Em outras palavras, a consciência implica a existência. Em uma das réplicas às objeções que faz no
livro, Descartes resumiu a passagem acima em sua hoje famosa sentença: penso, logo, existo (em
latim: cogito, ergo sum)

O restante do livro, que não difere muito do precedente Discurso do Método, sendo porém mais
acessível, contém vários argumentos tais como os argumentos ontológicos para a existência de Deus
e a suposta prova do dualismo entre mente e corpo.

PRIMEIRA MEDITAÇÃO

Em 1641, aparecem as Meditações Metafísicas e para bem compreender a metafísica cartesiana é


necessário ler as Meditações.
1.° - Todos sabem que Descartes inicia seu itinerário espiritual com a dúvida. Mas é necessário
compreender que essa dúvida tem um outro alcance que a dúvida metódica do cientista. Descartes
duvida voluntária e sistematicamente de tudo, desde que possa encontrar um argumento, por mais
frágil que seja. Por conseguinte, os instrumentos da dúvida nada mais são do que os auxiliares
psicológicos, de uma ascese, os instrumentos de um verdadeiro"exército espiritual". Duvidemos dos
sentidos, uma vez que eles frequentemente nos enganam, pois, diz Descartes, nunca tenho certeza
de estar sonhando ou de estar desperto! (Quantas vezes acreditei-me vestido com o "robe de
chambre", ocupado em escrever algo junto à lareira; na verdade, "estava despido em meu leito").
Duvidemos também das próprias evidências científicas e das verdades matemáticas!

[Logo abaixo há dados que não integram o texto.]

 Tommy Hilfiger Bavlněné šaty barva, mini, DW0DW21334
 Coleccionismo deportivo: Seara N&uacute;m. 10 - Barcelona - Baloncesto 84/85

Mas quê? Não
é verdade - quer eu sonhe ou esteja desperto - que 2 + 2 = 4? Mas se um gênio maligno me
enganasse, se Deus fosse mau e me iludisse quanto às minhas evidências matemáticas e físicas?
Tanto quanto duvido do Ser, sempre posso duvidar do objeto.

Descartes expressa sua insatisfação com o conhecimento adquirido nas instituições de ensino da
época (autoridade da bíblia ou do aristotelismo), expõe seu objetivo de alcançar algo de certo nas
ciências e, com isso, fundamentar a totalidade do saber humano; e propõe realizar essa cruzada
desfazendo-se de suas antigas opiniões para que recomece tudo desde os fundamentos. Daí, ele
apresenta sua dúvida como sistemática e hiperbólica, assim: (A) o que é provável será tomado como
duvidoso e (B) o que é duvidoso será tomado como falso. Direciona-se, então, aos fundamentos e
princípios de suas antigas opiniões, pois expor as dúvidas individualmente seria um processo
infinito.

Embora Descartes admita que tudo que aprendeu adveio dos sentidos, ele julga prudente não confiar
neles, pois eles podem nos enganar (por exemplo: caso do caniço na água), já que já o fizeram
alguma vez. Mostra que a loucura poderia servir de argumento para questionarmos situações
sensíveis normalmente não duvidosas (como eu estar olhando para várias pessoas agora), mas que
pensa ser melhor apresentar um outro argumento a seguir, a saber, que como podemos ter sonhos
tão “normais” quanto o cotidiano e tão “absurdos” quanto um dia de um louco, nos é impossível
distinguir o sonho da vigília. E, como nos é impossível distinguir o sonho da vigília, o que está se
passando agora pode ser ilusão (pois quando estamos dormindo tudo que nos representamos é
ilusão); contudo, também quando sonhamos tomamos aspectos da realidade, e só eles, para as
nossas representações. Então, se tudo for ilusão, vêm de algo verdadeiro -- o que o diferencia do
cético.

Descartes argumenta contra sua própria dúvida, mostrando coisas indubitáveis na natureza corpórea,
tanto no sonho, quanto na vigília, a saber, (Y): a figura, a quantidade, a extensão, o espaço, o tempo
(objetos da matemática) e outras coisas simples semelhantes. Ciências que tratam de coisas simples,
ou seja, (Y), como a Aritmética e a Geometria têm algo de indubitável, pois que em sonho ou
acordado elas não se modificam ("2+2=4" é sempre verdadeiro, seja sonhando ou acordado). Mas
duvida disso também, dado que poderia haver um Deus que poderia fazê-lo perceber tudo como
percebe, embora nada houvesse da forma que se apresenta. Postula também a possibilidade de Deus
o enganar no que julga saber com certeza, desacreditando até as matemáticas.[Argumento do Deus
Enganador]
Para quem não acredita em Deus, Descartes o supõe como uma fábula ou outro, mas afirmando que
quanto menos poderoso for o autor de sua origem, mais será provável que Descartes se engane
sempre. Decide, então, suspender seus juízos sobre o que houvera no passado tomado como
verdadeiro (suas opiniões), pois não há nada de que ele não possa duvidar atualmente. Embora suas
antigas opiniões sejam prováveis, elas são duvidosas; e, enquanto tais, prefere vê-las como falsas
para que não influenciem no seu reto caminho do conhecimento da verdade, colocando, assim Deus,
uma antiga opinião, como também duvidosa.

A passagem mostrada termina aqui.